Шаман (Дашкевич) - страница 119

— Нет. Теплое молоко — это не еда. И ты его выпьешь, любовь моя. Пойдем. А потом ты поспишь, а я тебя подержу. И, если что, поймаю.


Я даже не удивляюсь, когда Тошка подчиняется. Мы медленно спускаемся вниз, он выглядит слегка заторможенным и покорно садится за стол в кухне, на то же самое место перед окном, где сидел в тот раз, и ждет, пока я подогреваю молоко и достаю из шкафа банку с медом.

Разбалтывая тягучий золотистый мед в теплом молоке, я стою к Тошке лицом, чтобы ни на минуту не оставить его без присмотра. У него сейчас такой беспомощный, такой отсутствующий вид — кажется, что он не сможет удержать в руках тяжелую керамическую кружку. Мне хочется напоить его, как ребенка. Дурацкое желание — он все равно мне этого не позволит.


И вдруг что-то неуловимо меняется — как будто мягкий свет лампы внезапно начал светить под другим углом.

Что-то происходит вокруг: я вижу туман, сгущающийся по углам, туман, клубящийся за стеклом, как в прошлый раз, я слышу ветер, который пролетает по обнаженным веткам в саду, вызывая странные звуки, китайская звенелка на ветке старого вяза издает мелодичный звон, ее полые трубки выдыхают что-то похожее на мелодию… я слышу голос. Совершенно определенно, я слышу голос. Слов не разобрать, но они там есть. Тошкины глаза не отрываются от черного окна. Он как будто ждет чего-то.

— Слышишь? — его губы шевелятся почти незаметно. — Она поет.

Я не понимаю, о ком он говорит. О той женщине за стеклом? Он что-то знает о ней?..

Мне страшно. Этот страх ничего общего не имеет ни со страхом смерти, ни со страхом каких-то обыденных вещей — молнии, собак, маньяков.
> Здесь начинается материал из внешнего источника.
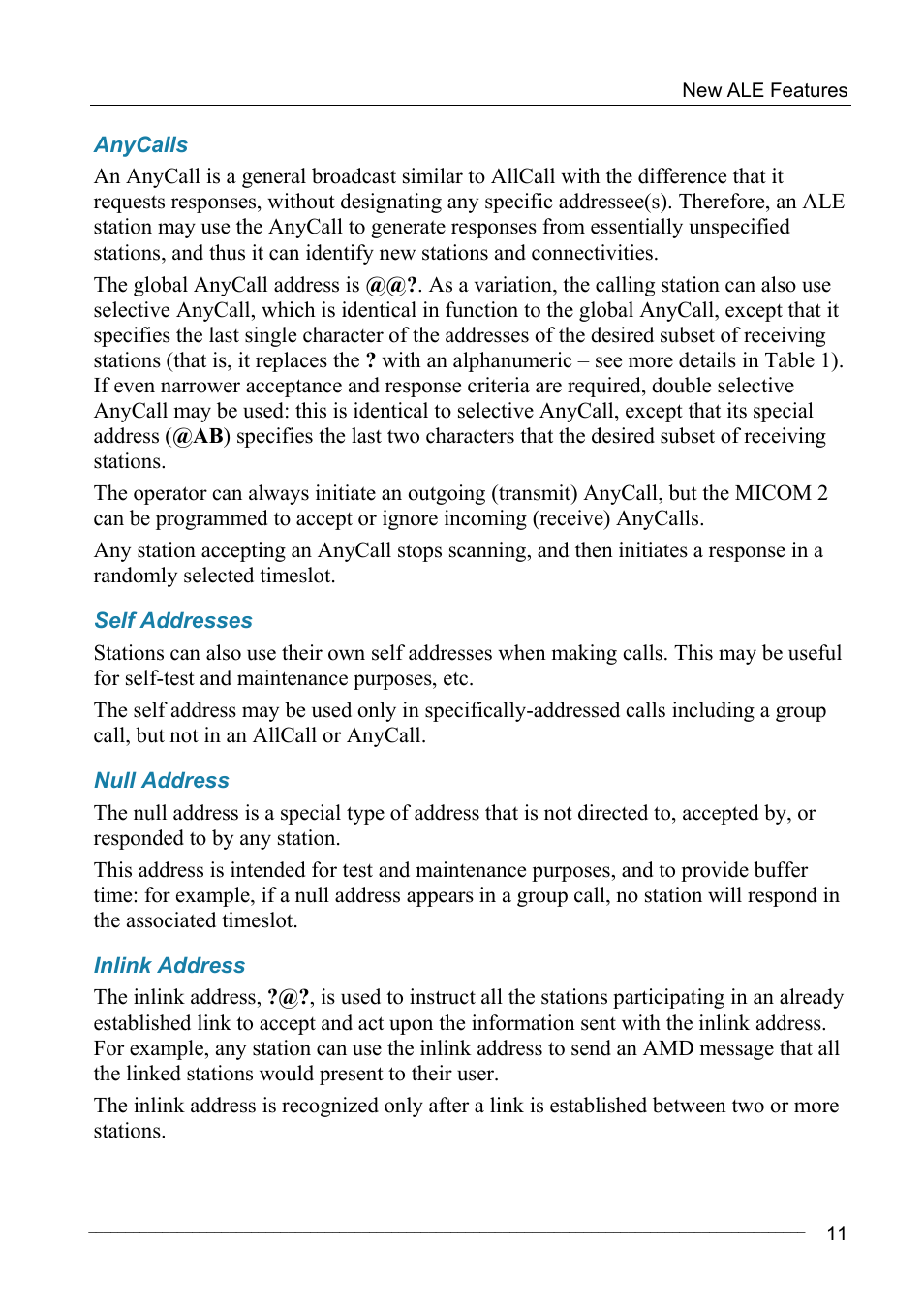 Anycalls, Self addresses, Null address | Inlink address | Motorola MICOM-2ES/2RS/2TS ALE User Manual | Page 25 / 76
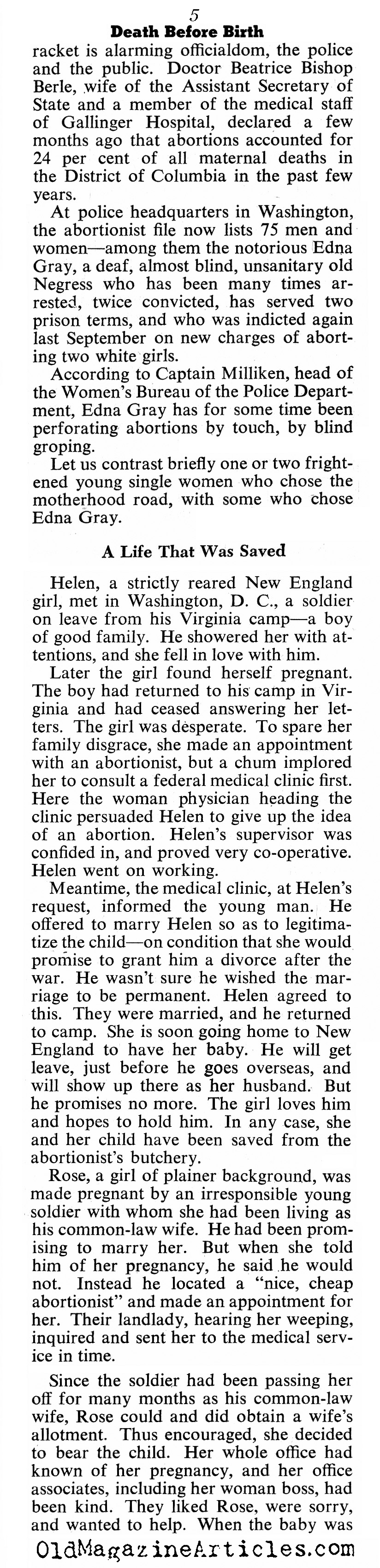 The Growing Popularity of Abortions (Collier's Magazine, 1944)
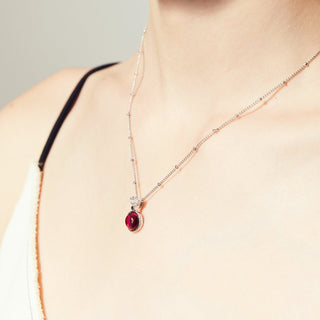 Round Gemstone Pendant Necklace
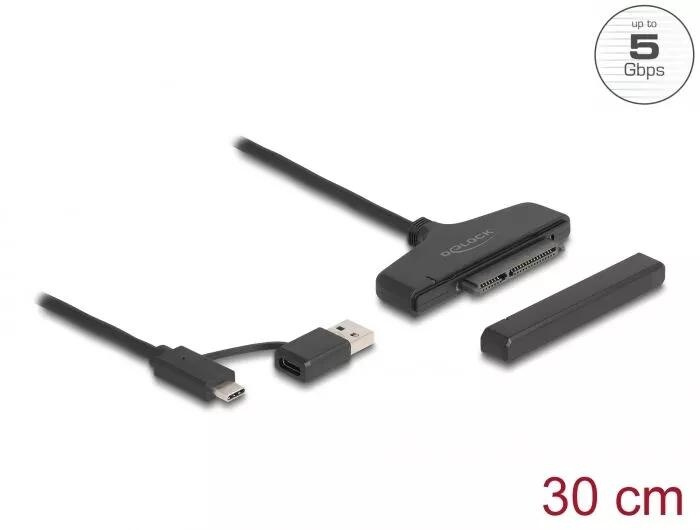 DeLOCK USB to SATA 6 Gb/s Converter with USB Type-C™ or USB Type-A in de groep COMPUTERS & RANDAPPARATUUR / Computerkabels / Overige computerkabels bij TP E-commerce Nordic AB (C70529)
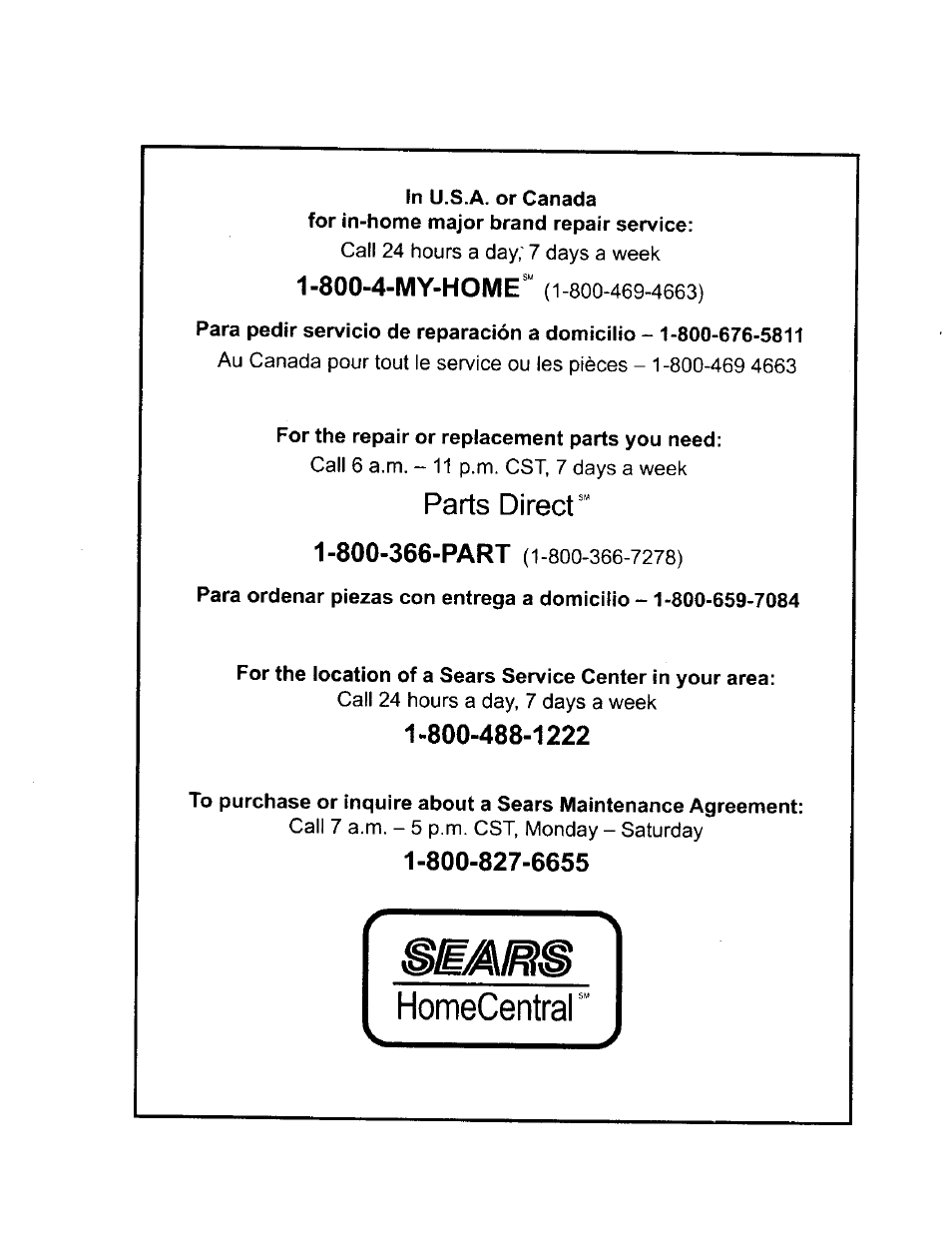 For the repair or replacement parts you need | Craftsman 315.228110 User Manual | Page 54 / 54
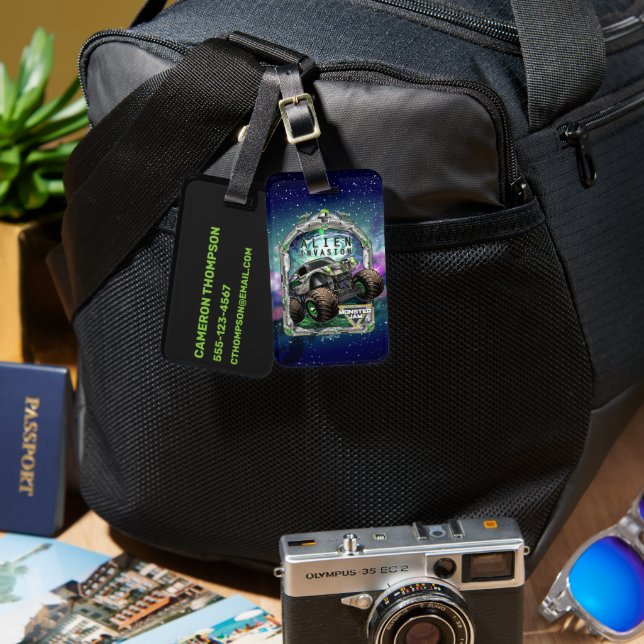 Monster Jam Alien Invasion Luggage Tag (Front & Back)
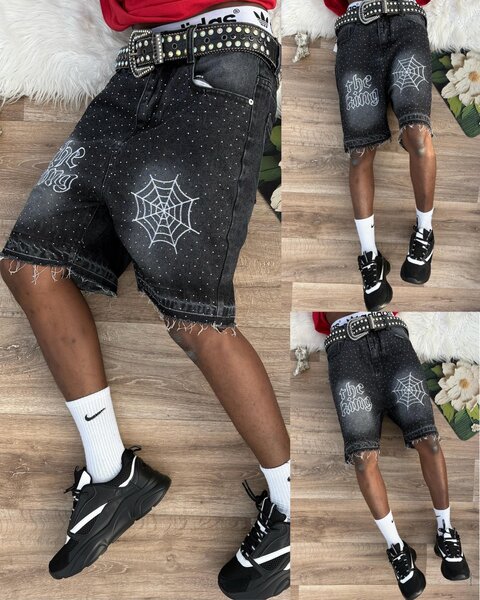 Shorts en denim brodés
Это поднимающийся откуда-то снизу темный, одуряющий страх неминуемой потери, потери большей, чем потеря жизни, здоровья, любви, рассудка…


Молоко. Моему мальчку нужно выпить теплого молока.


Мне кажется, что я ступаю по гамаку, подвешенному в тумане. Только синяя керамическая кружка в моих руках связывает меня с реальностью. Я держусь за нее, чтобы не провалиться в черную бездну, разверстую под ногами, и она держит меня на весу, эта кружка с молоком. У меня больше нет тела. Я превращаюсь в пятно света, центр которого — в этой синей кружке, наполненной живым теплом и дрожащим золотом.

— Пей, — шепчу я, и сама не слышу своего голоса. Моя рука, прозрачная, как туман, подносит кружку к Тошкиным губам. Я не чувствую ее, я вижу ее со стороны. — Пей, мой маленький. Сейчас ты уснешь.

Как будто издалека, я смотрю, как молоко проливается и течет по смуглому подбородку с ложбинкой, тонкой струйкой сбегает на темную столешницу, как медленно-медленно движется Тошкино горло — глоток… еще глоток… Его черные прямые волосы спадают на глаза. Я протягиваю руку, но почему-то не могу их коснуться. Я далеко, и могу только смотреть на него, на его веки, закрашенные бессонницей, на тени от ресниц, нежную линию щеки, неуловимо смягчившуюся вдруг — наверное, так падает свет.